16 Miscellaneous features and tricks

s11n has a number of features which may be useful in specific cases. While some of them require support code from ''outside the s11nlite sandbox'', a few of them are touched on here. The more complex features are documented mainly in the source files which implement them. Some features, e.g. those implemented via macro-based code generation, are not processed by the API doc generator, so the implementation headers are the only complete source of info for most macro-based features. There are cases where some of the macro-generated code must be hand-implemented (or externally generated), so it is useful to understand exactly what the macros do.

16.1 Saving non-Serializables

Let's say we've got a small main() routine with no support classes, but which uses some lists or maps. No problem - simply use the various free functions available for saving such types (e.g., section 8.4). This can be used, e.g., as a poor-man's config file:

typedef std::map<std::string,std::string> ConfigMap;

ConfigMap theConfig;

... populate it ...

// save it:

s11nlite::node_type node;

s11n::map::serialize_streamable_map( node, theConfig );

s11nlite::save_node( node, ''my.config'' ); // also has an ostream overload

...

// load it:

s11nlite::node_type * node = s11nlite::load_node( ''my.config'' ); // or istream overload

if ( ! node ) { ... error ... }

s11n::map::deserialize_streamable_map( *node, theConfig );

delete( node );

// theConfig is now populated
Alternately, simply use s11n::data_node as a primitive config object.
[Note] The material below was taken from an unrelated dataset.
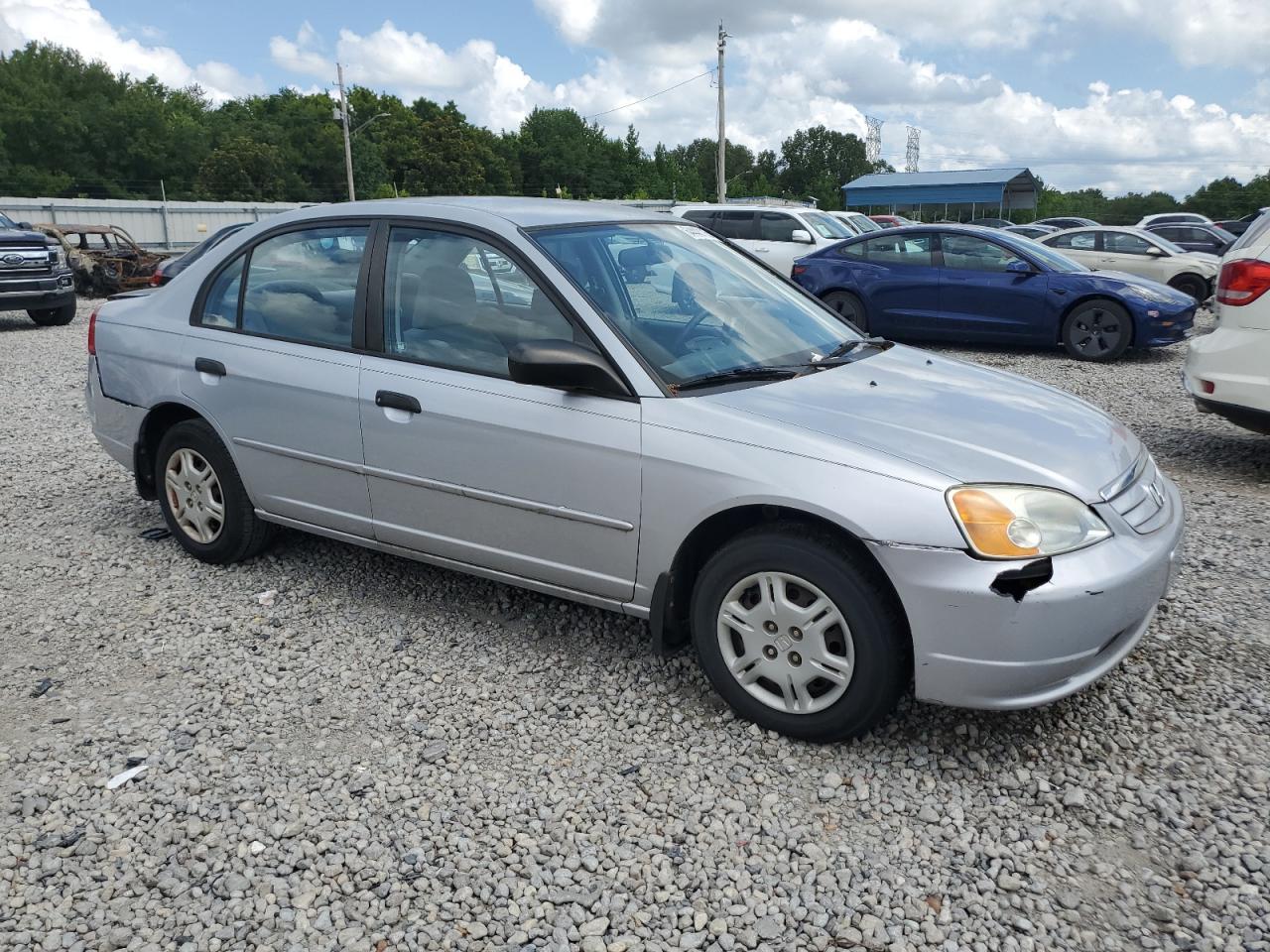 2001 HONDA CIVIC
If the Config object is a Serializable object (or a proxied one) it becomes even simpler: simply use the save/load() or de/serialize() functions directly on the object. Hint: std::maps are proxied by default, so doing so requires no client-side code.

16.2 Saving application-wide state

It is sometimes useful to be able to serialize the state of an application though we have no specific object which holds all application data. This can be handled by defining a simple Serializable which saves and loads all global data via whatever accessors are available for the data, like so:

struct myapp_s11n

{

template <typename NodeT>

bool operator()( NodeT & node ) const

{

typedef s11n::node_traits<NodeT> TR;

TR::class_name( node, "myapp_s11n" );

... use algos to save app's shared state ...

return true;

}

template <typename NodeT>

bool operator()( const NodeT & node )

{

... use algos to restore app's shared state ...

return true;

}

};

Then register it as a Serializable:

#define S11N_TYPE myapp_s11n

#define S11N_NAME "myapp_s11n"

#include <s11n.net/s11n/reg_serializable.hpp>

Then, from a save() function we can simply do:

myapp_s11n state;

s11nlite::save( state, ''somefile.s11n'' );

And from a load() function we can do:

myapp_s11n * state = s11nlite::load_serializable<myapp_s11n>( ''somefile.s11n'' );

delete( state ); // no longer needed - it's modified the global state for us.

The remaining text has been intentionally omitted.